Granted, not all all-wheel-drive systems are created equally, but thanks to faster processing and more sophisticated algorithms, reactive all-wheel-drive systems are really closing the perceptible gap with all-wheel-drive systems that always send torque to both axles. Plus, an all-wheel-drive system is only as good as its differentials, and since most systems including most Subaru systems use open front and rear differentials, controlling wheelspin caused by cross-axle traction imbalances falls to traction control systems and tire grip.

Oh, and that’s before we even get into electric vehicles. The Subaru Solterra is much like any dual-motor all-wheel-drive electric crossover with a drive unit on the front axle and another on the rear. Functionally, it works on exactly the same principles as all-wheel-drive in a Tesla Model Y, Volkswagen ID.4, Ford Mustang Mach-E, or Hyundai Ioniq 5. If EV mandates keep up, Subaru’s “Symmetrical All-Wheel-Drive” marketing advantage will largely be wiped out in essentially two model cycles.
Alright, so even if EV mandates go to plan and Subaru’s all-wheel-drive advantage slides off the table, that still leaves safety, right? Well, not so fast. It wasn’t that long ago when new cars weren’t achieving top marks in moderate overlap crash testing, but now pretty much everything aces the moderate frontal overlap test and most new cars do brilliantly on the more severe small overlap test. From Mazda to Toyota to Hyundai, it’s not hard to find other automakers scoring just as well as Subaru. Once everything’s safe, what’s the difference?

If you remove Symmetrical all-wheel-drive, the flat-four engine, and even a cut-and-dry safety advantage, what makes a Subaru a Subaru? It definitely isn’t motorsports anymore, which begs the question: Is marketing enough alone? While some people will definitely continue to buy Subarus for the image, those who believe in the technology may grow to be disappointed, and those who’ve been burned by odd problems will continue to share their stories. Should this industry-wide switch to even primarily battery electric power happen, Subaru will need to think on its feet.
The Subaru Legacy may be officially on the way out, but Subaru’s own legacy hangs in the balance of changing technologies. How it chooses to reinvent itself in the face of electrification could decide whether the automaker sinks or swims. Is a lifeguard on duty?

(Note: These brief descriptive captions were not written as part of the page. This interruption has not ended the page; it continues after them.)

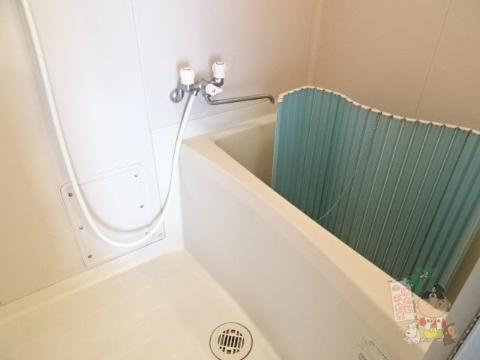 フレグランス野崎　Ｂの浴室|バス
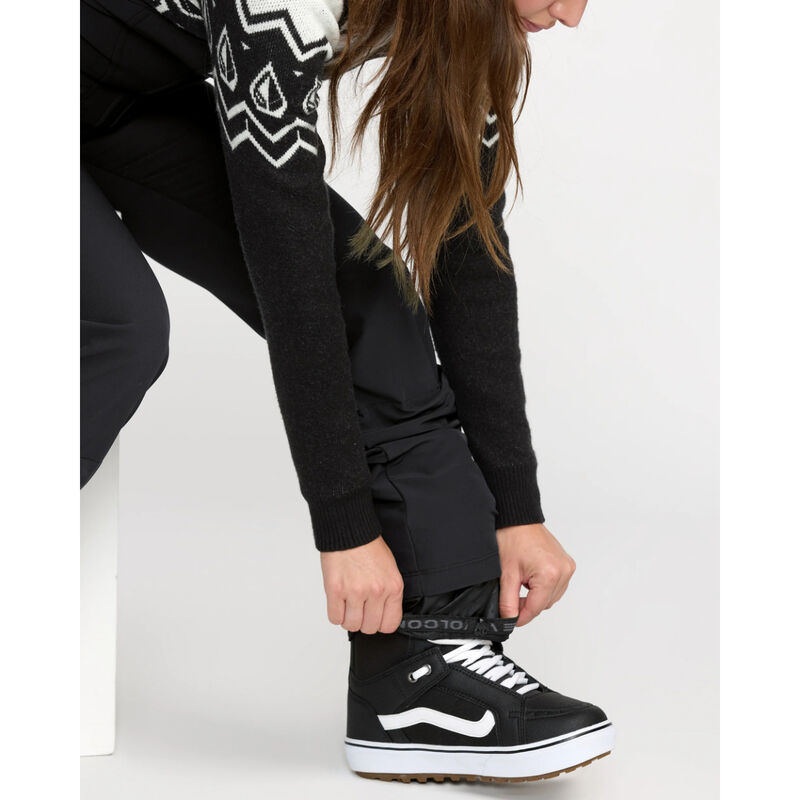 Volcom Battle Stretch Bib Womens image number 2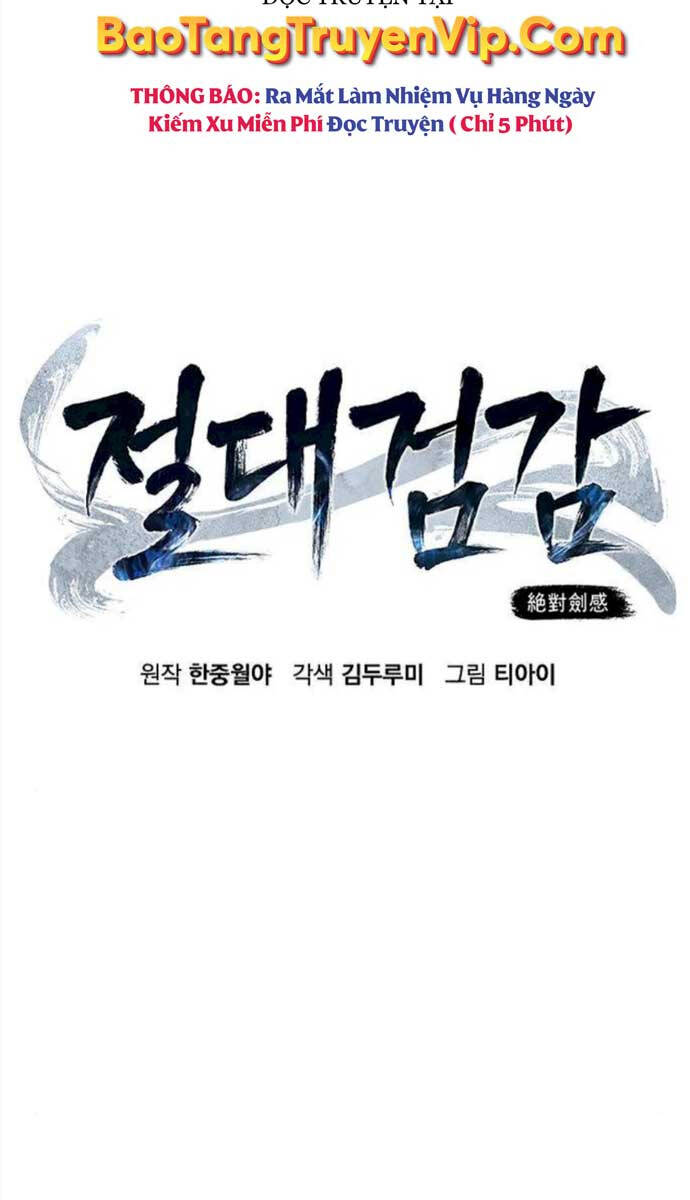 Cảm Kiếm Tuyệt Đối Chap 40 - Next Chap 41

I recently wrote a review on the Subaru Crosstrek Wilderness, and while I didn’t like the CVT, I didn’t like the interior quality, and I implied that it feels like an all-wheel drive economy car on stilts, I acknowledged that it still had soul. And that’s the thing: People often buy cars not because of the hardware, but because of styling and marketing.
I mean, look at Jeep. Aside from the Wrangler, how is their Grand Cherokee any different than say, a Touareg or a Volvo XC90? How are the Renegade and Compass any different than all the other all-wheel drive crossovers? And yet, still folks buy them because they’re Jeeps, and also because of their styling, which tells a story that Jeep’s marketing team has carefully crafted over the last seven decades.
Ditto for Subaru. I will acknowledge that there seem to be more and more competitors these days (the newest CX-5 comes standard with all-wheel drive), and there will be more as the EV-era ramps up (adding all-wheel drive to EVs is trivial compared to adding it to a gas car), but I think styling and marketing will continue the Subaru cult for years to come.